Creating Interpretable Latent Spaces with Gradient Routing
post by Jacob G-W (g-w1) · 2024-12-14T04:00:17.249Z · LW · GW · 6 commentsThis is a link post for https://jacobgw.com/blog/ml/2024/12/12/interp-latent.html
Contents
How it works Classification None 7 comments
Over the past few months, I helped develop Gradient Routing [LW · GW], a non loss-based method to shape the internals of neural networks. After my team developed it, I realized that I could use the method to do something that I have long wanted to do: make an autoencoder with an extremely interpretable latent space.
I created an MNIST variational autoencoder with a 10 dimensional latent space, with each dimension of the latent space corresponding to a different digit. Before I get into how I did it, feel free to play around with my demo here (it loads the model into the browser): https://jacobgw.com/gradient-routed-vae/.
In the demo, you can both see how a random MNIST image encodes but also directly play around with the encoding itself and create different types of digits by just moving the sliders.

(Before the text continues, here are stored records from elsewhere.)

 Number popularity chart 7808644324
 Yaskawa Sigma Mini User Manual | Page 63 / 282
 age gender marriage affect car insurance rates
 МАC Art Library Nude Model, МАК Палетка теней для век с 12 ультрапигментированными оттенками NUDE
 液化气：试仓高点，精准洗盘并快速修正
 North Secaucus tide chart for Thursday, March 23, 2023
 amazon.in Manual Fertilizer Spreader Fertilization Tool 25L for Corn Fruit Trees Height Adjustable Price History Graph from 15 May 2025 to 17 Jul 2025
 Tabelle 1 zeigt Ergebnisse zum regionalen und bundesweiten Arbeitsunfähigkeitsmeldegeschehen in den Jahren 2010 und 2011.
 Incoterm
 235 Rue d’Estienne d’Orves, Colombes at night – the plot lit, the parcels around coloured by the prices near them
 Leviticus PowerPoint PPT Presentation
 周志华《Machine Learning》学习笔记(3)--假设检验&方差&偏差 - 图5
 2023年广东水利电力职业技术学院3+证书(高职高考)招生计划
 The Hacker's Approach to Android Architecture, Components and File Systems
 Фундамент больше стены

The reconstruction is not that good, and I assume this is due to some combination of (1) using the simplest possible architecture of MLP layers and ReLU (2) only allowing a 10 dimensional latent space which could constrain the representation a lot (3) not doing data augmentation, so it might not generalize that well, and (4) gradient routing targeting an unnatural internal representation, causing the autoencoder to not fit the data that well. This was just supposed to be a fun proof of concept project, so I’m not too worried about the reconstruction not being that good here.
How it works
My implementation of gradient routing is super simple and easy to add onto a variational autoencoder. During training, after I run the encoder, I just detach every dimension of the encoding except for the one corresponding to the label of the image:
def encode_and_mask(self, images: Tensor, labels: Tensor):
encoded_unmasked, zeta, mean, cov_diag = self.encode(images)
mask = F.one_hot(labels, num_classes=self.latent_size).float()
encoded = mask * encoded_unmasked + (1 - mask) * encoded_unmasked.detach()
return encoded, zeta, mean, cov_diag
This causes each dimension of the latent space to “specialize” to representing its corresponding image since the error for that image type can only be propagated through the single dimension of the latent space.
It turns out that if you do this, nothing forces the model to represent “more of a digit” in the positive direction. Sometimes the model represented “5-ness” in the negative direction in the latent space (e.g. as [0, 0, 0, 0, 0, -1.0, 0, 0, 0, 0]
). This messed with my demo a bit since I wanted all the sliders to only go in the positive direction. My solution? Just apply ReLU the encoding so it can only represent positive numbers! This is obviously not practical and I only included it so the demo would look nice.[1]
In our Gradient Routing paper, we found that models sometimes needed regularization to split the representations well. However, in this setting, I’m not applying any regularization besides the default regularization that comes with a variational autoencoder. I guess it turns out that this regularization is enough to effectively split the digits.
Classification
It turns out that even though there was no loss function causing the encoding to activate most strongly on the dimension corresponding to the digit being encoded, it happened! In fact, we can classify digits to 92.58% accuracy by just taking the argmax over the encoding (which slider is the most positive), which I find pretty amazing.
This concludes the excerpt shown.